Human societies have a long and complicated relationship with numbers.

We like to count things and then assign significance to the totals and the way we can divvy them up.

Perhaps numbers are the last vestige of the human family (as depicted in the Bible) before it fractured into different languages and tribes.

Mathematical patterns are a universal means of expression. Though they are essentially without nuance, they can be used to express music, color and physical relativity in a way that can capture profound insights.

Though I am not much of a whiz at math, nonetheless I have a fascination with numbers too.

I take delight in gematria (with a hard “g”), the “science” that finds relationships between words in Hebrew with the same numerical value.

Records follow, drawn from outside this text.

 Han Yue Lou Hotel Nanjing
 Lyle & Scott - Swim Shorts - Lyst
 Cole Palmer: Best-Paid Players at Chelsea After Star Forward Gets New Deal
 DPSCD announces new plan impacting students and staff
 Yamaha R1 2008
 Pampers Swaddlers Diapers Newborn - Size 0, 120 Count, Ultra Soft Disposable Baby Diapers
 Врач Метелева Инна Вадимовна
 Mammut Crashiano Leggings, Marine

Every letter in Hebrew has an assigned value, so if you add up the numbers in, say, “chokhmah” (8+20+40+5 = 73) you will find it to be the same as “hachayyim” (5+8+10+10+20).

“Chokhmah” means “wisdom”; hachayyim means “the life.” Therefore, there must be a link between wisdom and life.

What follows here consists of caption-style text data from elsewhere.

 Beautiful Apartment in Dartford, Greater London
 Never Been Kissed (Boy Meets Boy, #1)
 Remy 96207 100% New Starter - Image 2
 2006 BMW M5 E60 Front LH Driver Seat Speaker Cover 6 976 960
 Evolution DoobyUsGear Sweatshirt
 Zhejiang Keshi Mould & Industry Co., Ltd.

Gematria can get pretty complicated and has implications for students of the Jewish mystical tradition.

I find it a useful excuse to find connections among ideas, such as “wisdom” and “life.”

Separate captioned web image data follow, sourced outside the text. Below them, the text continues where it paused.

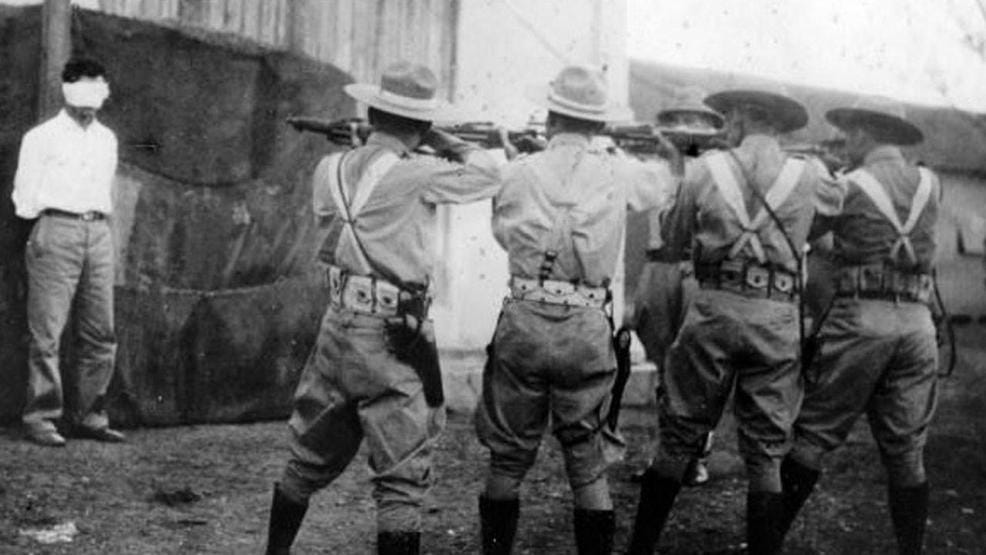 Ohio may bring back firing squad executions, Utah still uses them | KUTV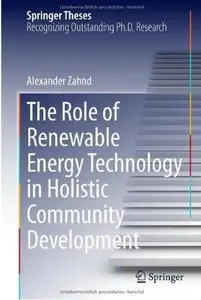 The Role of Renewable Energy Technology in Holistic Community Development [Repost]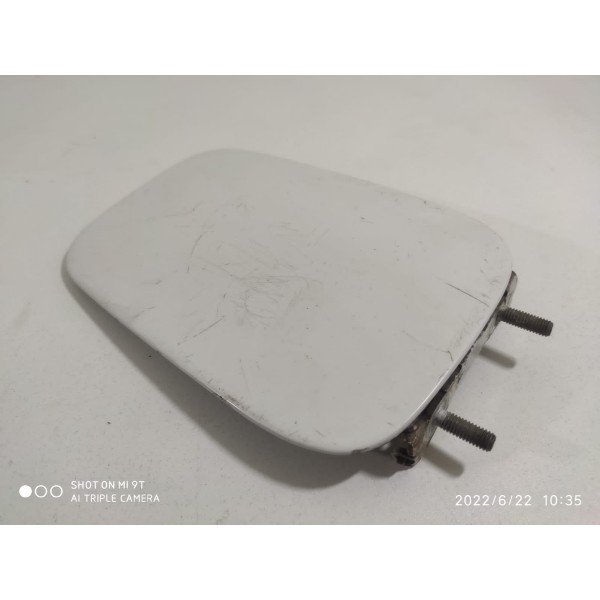 Portinhola Tanque Bmw 323i Ano 2000 Branca 2000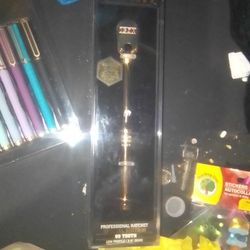 24k Gold Rachet 13/8 Drive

We assign significance to numbers that are not inherent, rather that recognize our values.

To be number one in any field of endeavor means dominance or, at least, arriving earliest. Seven is both prime and complete. Ten is comprehensive.

Name almost any number and it will have significance for someone – a batting streak, a weight goal, an hourly wage, the roster of biblical commandments.

But sometimes a number is just a number.

I had a conversation with a friend of mine about our ages. “You are only as old as you feel,” he said to me (an observation he was quick to acknowledge was not original).

“That’s irrelevant,” I replied. “Some days I feel like a teenager, and some days I feel like an old man. But my age is my age, a neutral fact.”

The nuance of that number is not carried by the digits; it is meaning imputed (in this case) by an attitude about age.

So, when I look at the number of offerings and sacrifices designated by the Bible for various occasions, I am frequently mystified.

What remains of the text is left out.